Wednesday, July 29, 2009
2009 Man Booker Prize Longlist
Yesterday afternoon, the 2009 Man Booker Prize longlist was announced. For those of you who are not yet familiar with the prize, here goes: the Booker is awarded to the best fiction novel of the year and is geographically limited to citizens of the Commonwealth and the Republic of Ireland. It needs to be a work originally in English and cannot be self-published. Just no US authors! The Booker prize is first announced in longlist: this is the thirteen-or-so books that the judges narrowed their massive contestant pool down to. On September 8, these thirteen books will be further narrowed down to just six, and on October 6 the winner will be announced. Once a book gets to the shortlist, many publishers will tweak their book's dustjackets to advertise their potential to win. Sure, it all seems very commercial, but its a gas to watch these developments from the US. Chances are, 3/4 the longlist will be books you've never heard of! In my opinion there's no better way to keep informed of overseas authors as a US reader than to track the Booker list.
And now, for you collectors, the Booker is an amazing opportunity to make some quick investments and have a two-month literary gambling session. Your first step is to read some summaries and reviews and start to track down UK 1sts of the titles that interest you. Next, plan your eBay auctions as book interest picks up Last year, I was able to find a signed US 1st of Adiga's The White Tiger at McNally Jackson on Prince Street in Manhattan for around $22. I also found a copy of the rare hardback of Linda Grant's The Clothes on the Their Backs on abe.com or something closer to $50 (plus shipping). Grant's book was favored to win. As I wasn't a big fan of her book, I sold it on eBay for around $200 right before the winners were announced. The award ultimately went to The White Tiger, boosting the value of my signed first about ten times its list. I then sold that online--made a bit of money and evened out the cost of the rest of the '08 longlsit. I got to read some great books, including one of my favorites of 2008, Philip Hensher's The Northern Clemency.

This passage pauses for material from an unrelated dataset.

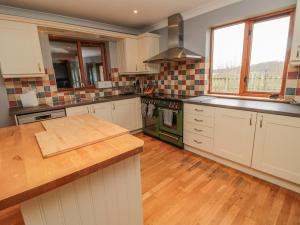 uma cozinha com armários brancos e um balcão de madeira em Ridley Lodge em Morpeth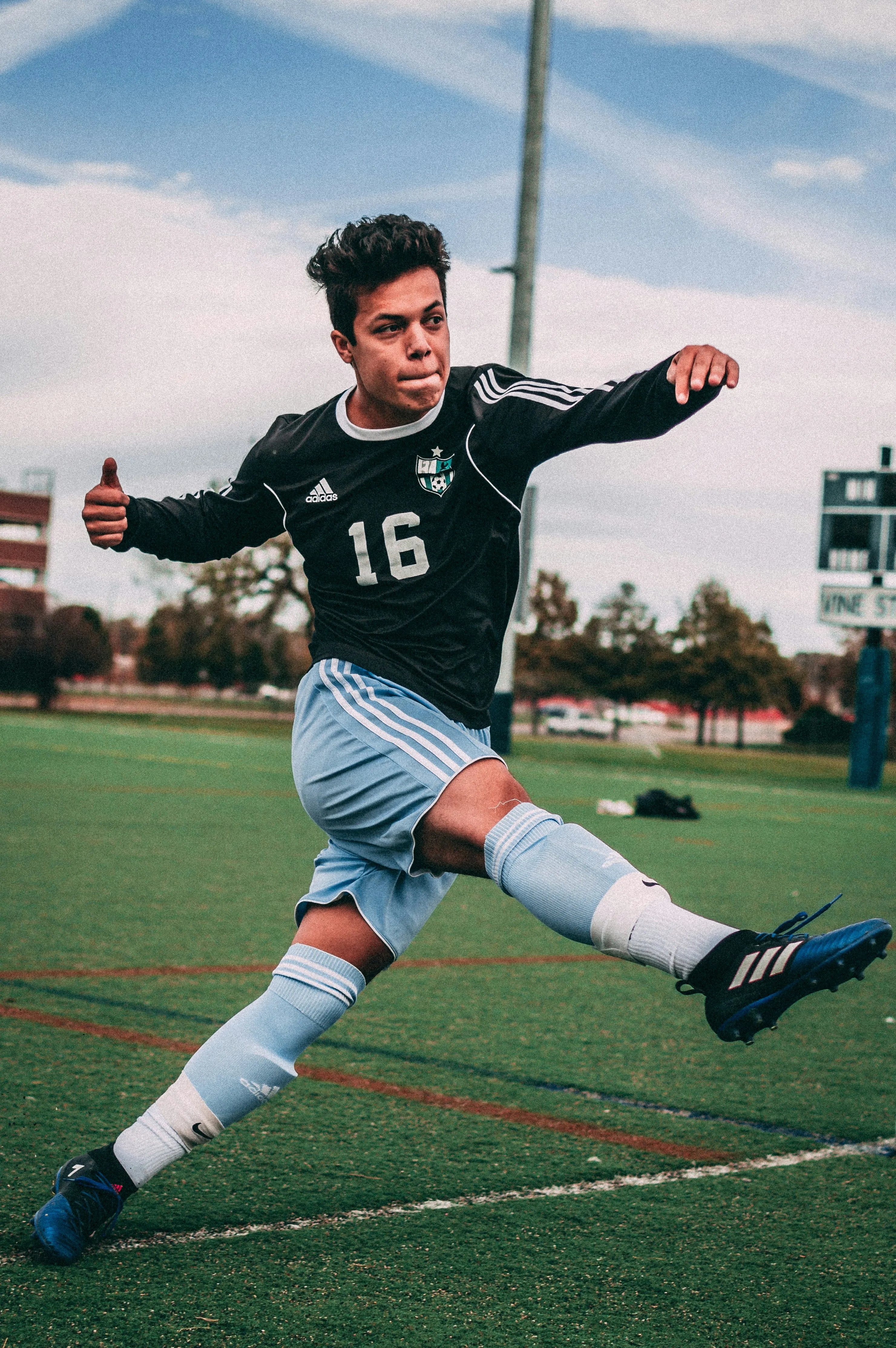 Soccer player in black and light blue kit kicking ball on green field during daytime.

So, you can do this to! The longlist is below:
A.S. Byatt: The Children's Book
J.M Coetzee: Summertime
Adam Foulds: The Quickening Maze
Sarah Hall: How to Paint a Dead Man
Samantha Harvey: The Wilderness
James Lever: Me Cheeta
Hilary Mantel: Wolf Hall
Simon Mawer: The Glass Room
Ed O'Loughlin: Not Untrue & Not Unkind
James Scudamore: Heliopolis
Colm Toibin: Brooklyn
William Trevor: Love and Summer
Sarah Waters: The Little Stranger
So far I've already read the Waters and the Toibin. Both were really lovely--The Little Stranger was a bit baggy in the middle but she did a splendid job presenting the fading era of the English Manor lifestyle. Brooklyn is just a great read in itself. It's a very delicate novel and perhaps not ambitious enough make it into the shortlist, but it certainly gets my recommendation.
I've got a great feeling about Wolf Hall and the Glass Room, and feeling a little uncertain about The Wilderness and Me Cheeta. A chimp "autobiography"? Really? Sounds more like something from Ricky Gervais's Monkey News than a Booker contender. We'll see how that goes!